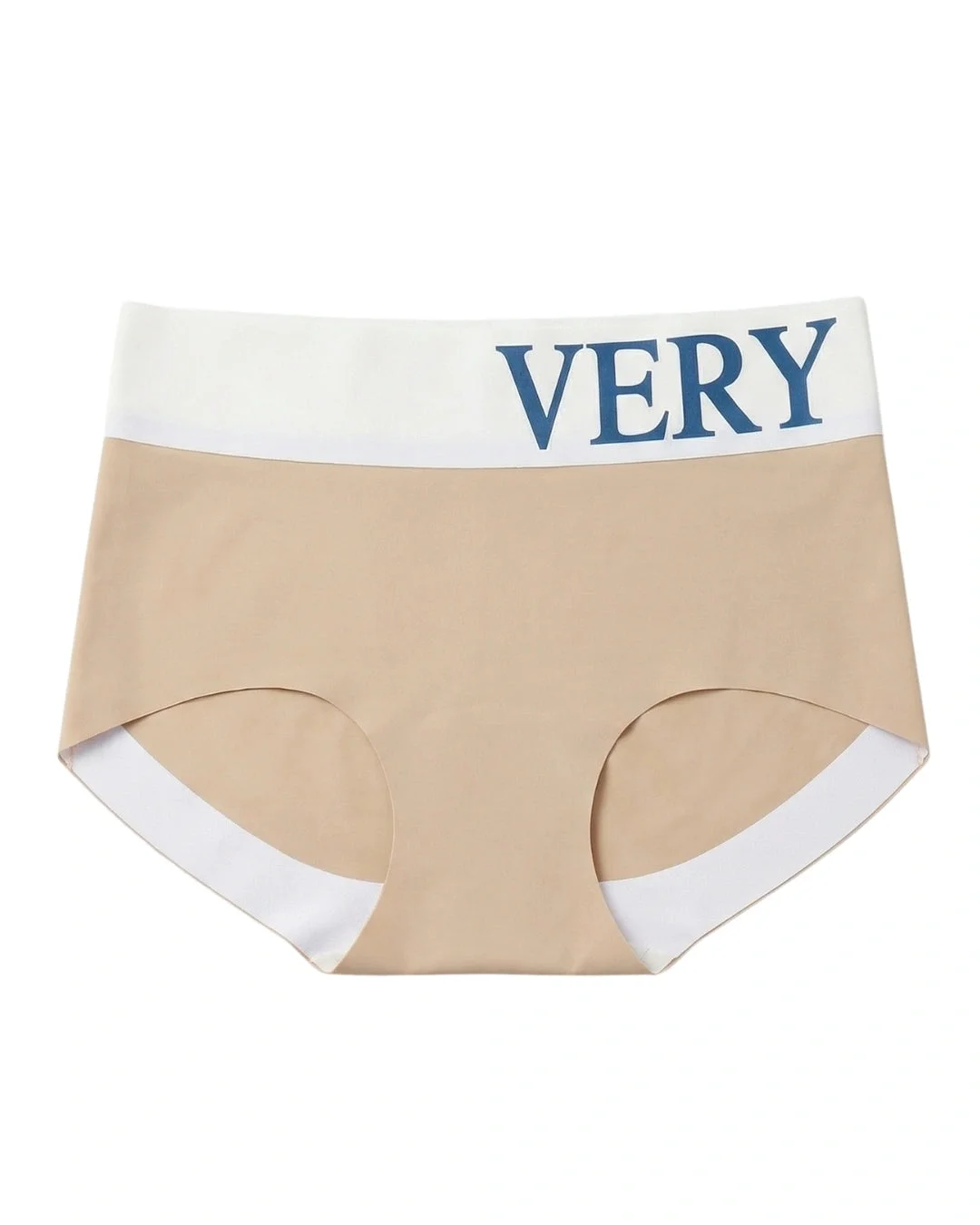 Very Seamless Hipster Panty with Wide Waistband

* * *

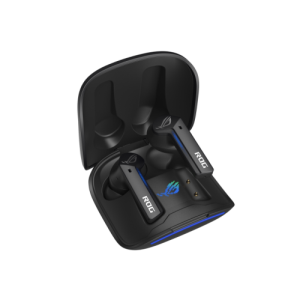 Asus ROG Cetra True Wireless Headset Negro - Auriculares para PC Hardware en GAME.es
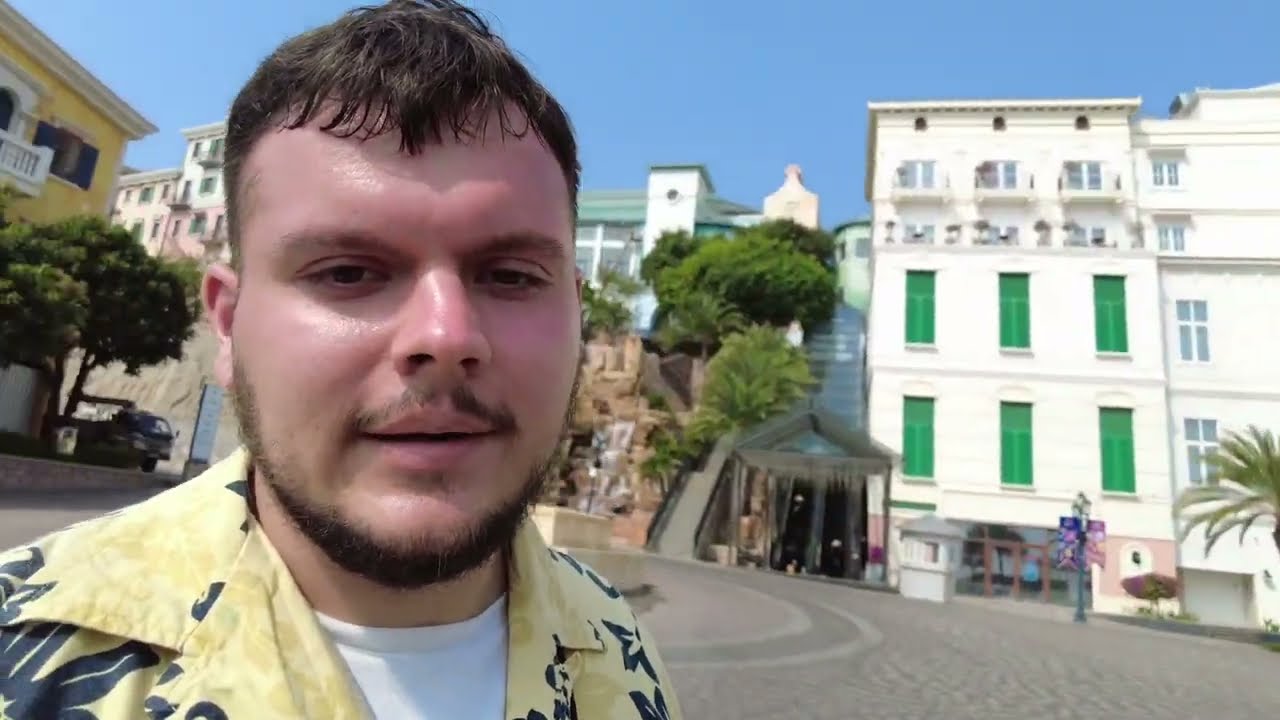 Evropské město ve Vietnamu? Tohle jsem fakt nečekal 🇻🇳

• _YOUR TASK_
Starting at the line that contains "Asus ROG Cetra" and ending at the line that contains "Evropské město ve", transcribe the material above exactly, excluding pictures.

• _EXERCISE RESULT_
 Asus ROG Cetra True Wireless Headset Negro - Auriculares para PC Hardware en GAME.es
 Evropské město ve Vietnamu? Tohle jsem fakt nečekal 🇻🇳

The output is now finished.